Task instructions |
Write out the lines below once more, exactly as they appear. Do not include pictures.

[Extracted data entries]
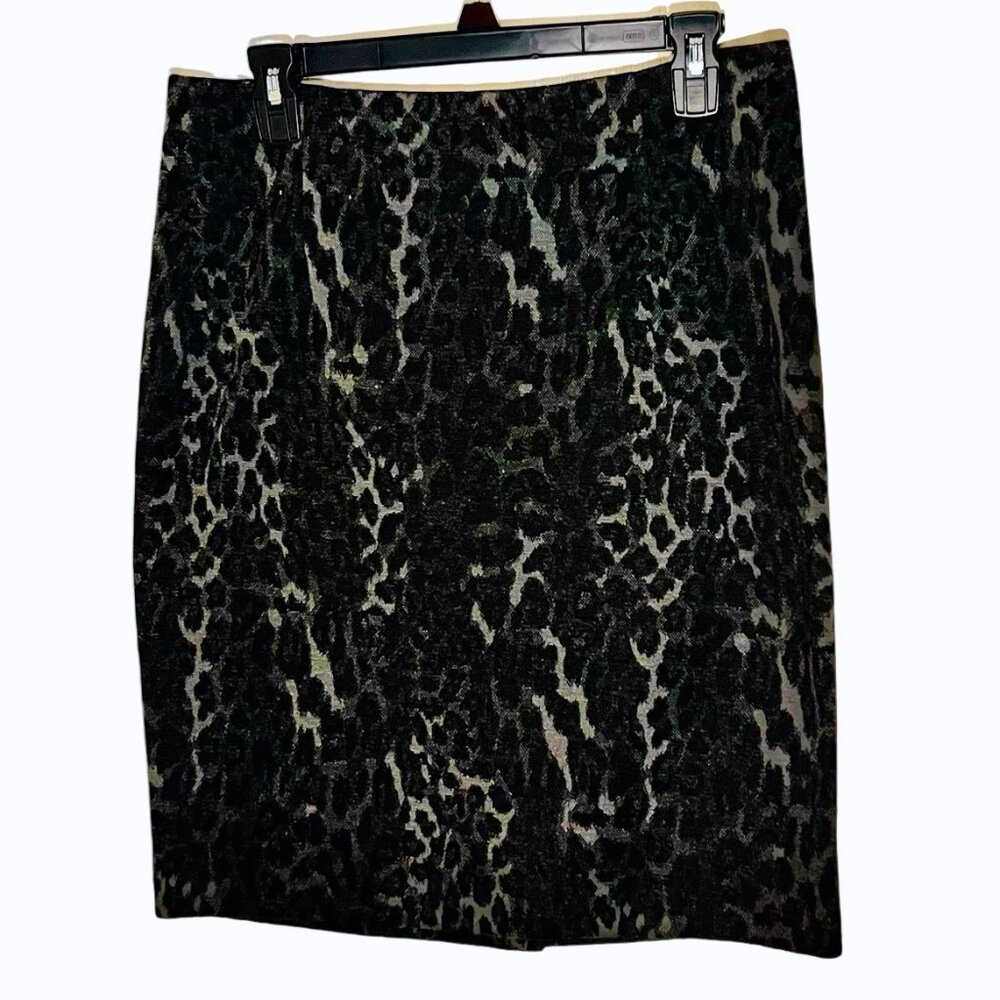 Studio Point | Black & Grey | Cheetah Print | Pencil Skirt | NWOT | Size 8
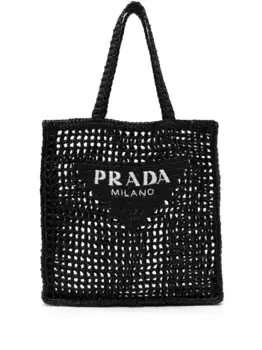 Сумка-тоут в технике кроше Prada, черный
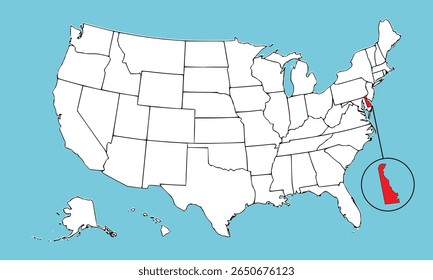 Estado de Delaware, EUA, mapa vetorial isolado no mapa dos Estados Unidos. Ilustração detalhada alta. Estilo plano. Ilustração vetorial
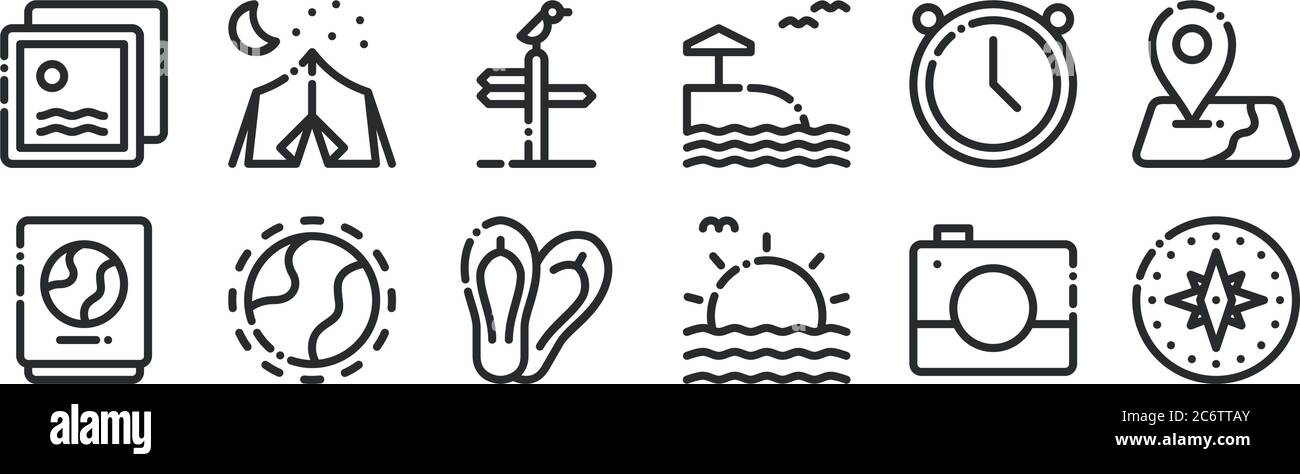 set di 12 icone con contorni sottili come bussola, sole, mondo, tempo, strada, campeggio per il web, cellulare Illustrazione Vettoriale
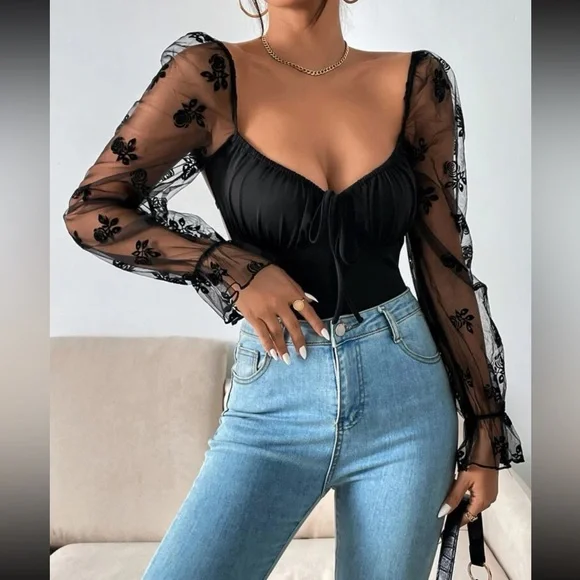 Luxe floral mesh sleeve open back bodysuit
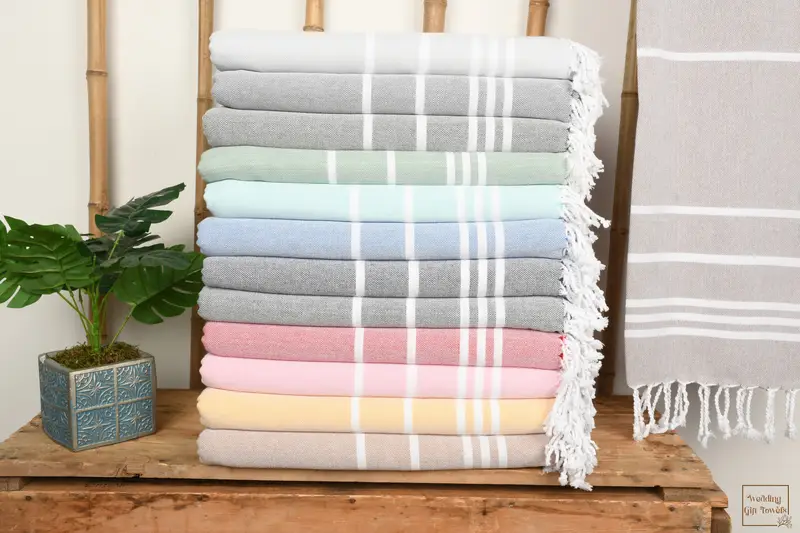 Striped Cotton Towel Wedding Gift Beige 70x40 Inches or 100x180 Cm
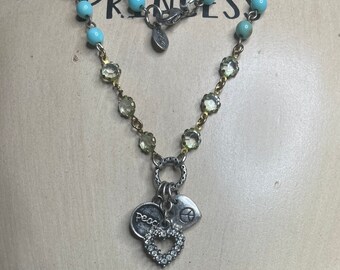 Rosenkranz Stil Türkis Mix Media Perlen Charm Halskette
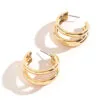 Howard's Jewelry Medium Triple Tube Gold Hoop Earrings -Hallmark Shop Medium Triple Tube Gold Hoop Earrings 10521 01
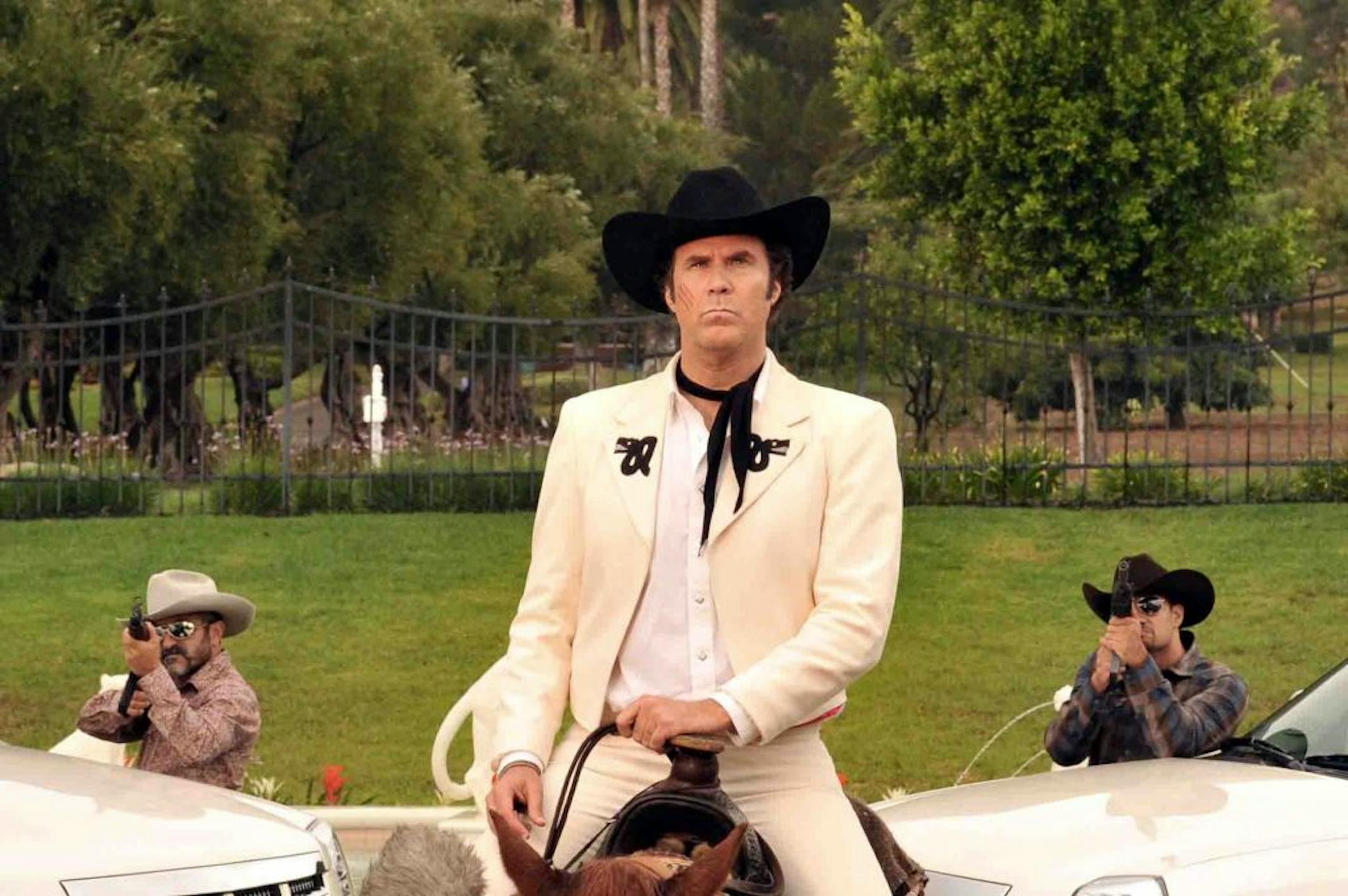 In this film image released by Lionsgate, Will Ferrell, portraying Armando Alvarez, is shown in a scene from "Casa De Mi Padre."
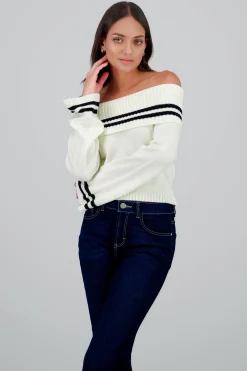 Shasa Striped Detail Badau Sweater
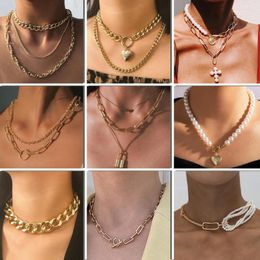 Chains Stylish Fashion Metal Necklace Accessories For Girls Ladies Women Choker Pendant Chain Party Alloy Jewelry Birthday Gift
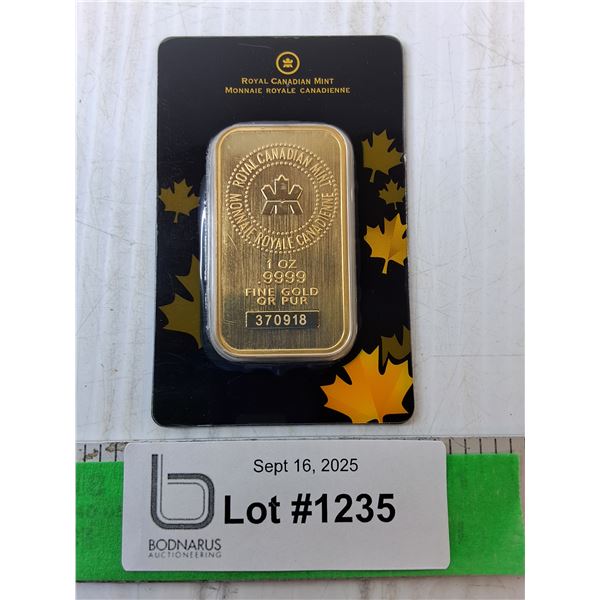 Royal Canadian Mint 1 oz. Gold Ingot, Cannot Authenticate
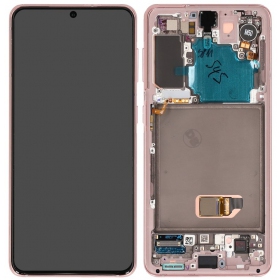 Samsung Galaxy S21 5G schermo / display (rosa) (con una cornice) (originale)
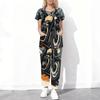 Women Plus Size Cartoon Excavator Printed Scrub Set Cutout Neck Short Sleeve Pocket Top Long Pants Two Piece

Exercise answer |
 Studio Point | Black & Grey | Cheetah Print | Pencil Skirt | NWOT | Size 8
 Сумка-тоут в технике кроше Prada, черный
 Estado de Delaware, EUA, mapa vetorial isolado no mapa dos Estados Unidos. Ilustração detalhada alta. Estilo plano. Ilustração vetorial
 set di 12 icone con contorni sottili come bussola, sole, mondo, tempo, strada, campeggio per il web, cellulare Illustrazione Vettoriale
 Luxe floral mesh sleeve open back bodysuit
 Striped Cotton Towel Wedding Gift Beige 70x40 Inches or 100x180 Cm
 Rosenkranz Stil Türkis Mix Media Perlen Charm Halskette
 Howard's Jewelry Medium Triple Tube Gold Hoop Earrings -Hallmark Shop Medium Triple Tube Gold Hoop Earrings 10521 01
 In this film image released by Lionsgate, Will Ferrell, portraying Armando Alvarez, is shown in a scene from "Casa De Mi Padre."
 Shasa Striped Detail Badau Sweater
 Chains Stylish Fashion Metal Necklace Accessories For Girls Ladies Women Choker Pendant Chain Party Alloy Jewelry Birthday Gift
 Royal Canadian Mint 1 oz. Gold Ingot, Cannot Authenticate
 Samsung Galaxy S21 5G schermo / display (rosa) (con una cornice) (originale)
 Women Plus Size Cartoon Excavator Printed Scrub Set Cutout Neck Short Sleeve Pocket Top Long Pants Two Piece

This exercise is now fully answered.